▶ **BRIEF**
Set down every entry exactly as it was written.

Saved entries
*** Begin section ***
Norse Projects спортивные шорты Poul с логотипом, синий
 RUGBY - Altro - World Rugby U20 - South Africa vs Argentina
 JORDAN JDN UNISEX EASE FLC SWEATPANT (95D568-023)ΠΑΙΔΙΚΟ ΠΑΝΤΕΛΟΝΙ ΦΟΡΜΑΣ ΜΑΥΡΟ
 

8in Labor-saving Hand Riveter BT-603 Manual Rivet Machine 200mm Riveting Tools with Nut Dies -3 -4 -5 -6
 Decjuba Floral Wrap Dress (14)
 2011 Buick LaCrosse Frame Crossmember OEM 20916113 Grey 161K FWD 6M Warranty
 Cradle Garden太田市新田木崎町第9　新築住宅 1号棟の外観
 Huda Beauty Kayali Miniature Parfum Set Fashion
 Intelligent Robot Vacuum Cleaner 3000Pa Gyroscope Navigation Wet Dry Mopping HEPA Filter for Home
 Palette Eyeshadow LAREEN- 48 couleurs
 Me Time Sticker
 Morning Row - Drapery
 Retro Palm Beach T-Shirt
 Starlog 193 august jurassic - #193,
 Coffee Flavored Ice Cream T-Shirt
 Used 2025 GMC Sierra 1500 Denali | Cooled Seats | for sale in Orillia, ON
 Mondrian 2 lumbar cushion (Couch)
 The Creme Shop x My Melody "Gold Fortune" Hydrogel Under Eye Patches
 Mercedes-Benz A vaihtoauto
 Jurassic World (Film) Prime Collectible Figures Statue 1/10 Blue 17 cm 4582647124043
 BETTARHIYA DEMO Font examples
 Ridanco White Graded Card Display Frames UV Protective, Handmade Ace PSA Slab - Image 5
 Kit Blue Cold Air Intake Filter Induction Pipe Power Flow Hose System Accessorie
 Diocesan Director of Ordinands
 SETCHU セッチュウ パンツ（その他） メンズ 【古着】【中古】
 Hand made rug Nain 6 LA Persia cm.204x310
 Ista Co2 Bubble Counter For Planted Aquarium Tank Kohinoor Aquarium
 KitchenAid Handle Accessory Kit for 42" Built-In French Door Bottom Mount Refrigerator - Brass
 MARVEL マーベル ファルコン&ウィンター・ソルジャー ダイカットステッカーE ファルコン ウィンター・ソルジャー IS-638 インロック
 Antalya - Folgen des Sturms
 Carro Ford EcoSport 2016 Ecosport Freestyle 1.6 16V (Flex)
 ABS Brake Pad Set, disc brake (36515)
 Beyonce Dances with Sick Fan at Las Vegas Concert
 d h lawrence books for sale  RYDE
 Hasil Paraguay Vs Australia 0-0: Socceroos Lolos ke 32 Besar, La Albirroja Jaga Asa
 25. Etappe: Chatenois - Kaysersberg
*** End section ***
▶ **FINISHED EXERCISE**
Norse Projects спортивные шорты Poul с логотипом, синий
 RUGBY - Altro - World Rugby U20 - South Africa vs Argentina
 JORDAN JDN UNISEX EASE FLC SWEATPANT (95D568-023)ΠΑΙΔΙΚΟ ΠΑΝΤΕΛΟΝΙ ΦΟΡΜΑΣ ΜΑΥΡΟ
 

8in Labor-saving Hand Riveter BT-603 Manual Rivet Machine 200mm Riveting Tools with Nut Dies -3 -4 -5 -6
 Decjuba Floral Wrap Dress (14)
 2011 Buick LaCrosse Frame Crossmember OEM 20916113 Grey 161K FWD 6M Warranty
 Cradle Garden太田市新田木崎町第9　新築住宅 1号棟の外観
 Huda Beauty Kayali Miniature Parfum Set Fashion
 Intelligent Robot Vacuum Cleaner 3000Pa Gyroscope Navigation Wet Dry Mopping HEPA Filter for Home
 Palette Eyeshadow LAREEN- 48 couleurs
 Me Time Sticker
 Morning Row - Drapery
 Retro Palm Beach T-Shirt
 Starlog 193 august jurassic - #193,
 Coffee Flavored Ice Cream T-Shirt
 Used 2025 GMC Sierra 1500 Denali | Cooled Seats | for sale in Orillia, ON
 Mondrian 2 lumbar cushion (Couch)
 The Creme Shop x My Melody "Gold Fortune" Hydrogel Under Eye Patches
 Mercedes-Benz A vaihtoauto
 Jurassic World (Film) Prime Collectible Figures Statue 1/10 Blue 17 cm 4582647124043
 BETTARHIYA DEMO Font examples
 Ridanco White Graded Card Display Frames UV Protective, Handmade Ace PSA Slab - Image 5
 Kit Blue Cold Air Intake Filter Induction Pipe Power Flow Hose System Accessorie
 Diocesan Director of Ordinands
 SETCHU セッチュウ パンツ（その他） メンズ 【古着】【中古】
 Hand made rug Nain 6 LA Persia cm.204x310
 Ista Co2 Bubble Counter For Planted Aquarium Tank Kohinoor Aquarium
 KitchenAid Handle Accessory Kit for 42" Built-In French Door Bottom Mount Refrigerator - Brass
 MARVEL マーベル ファルコン&ウィンター・ソルジャー ダイカットステッカーE ファルコン ウィンター・ソルジャー IS-638 インロック
 Antalya - Folgen des Sturms
 Carro Ford EcoSport 2016 Ecosport Freestyle 1.6 16V (Flex)
 ABS Brake Pad Set, disc brake (36515)
 Beyonce Dances with Sick Fan at Las Vegas Concert
 d h lawrence books for sale  RYDE
 Hasil Paraguay Vs Australia 0-0: Socceroos Lolos ke 32 Besar, La Albirroja Jaga Asa
 25. Etappe: Chatenois - Kaysersberg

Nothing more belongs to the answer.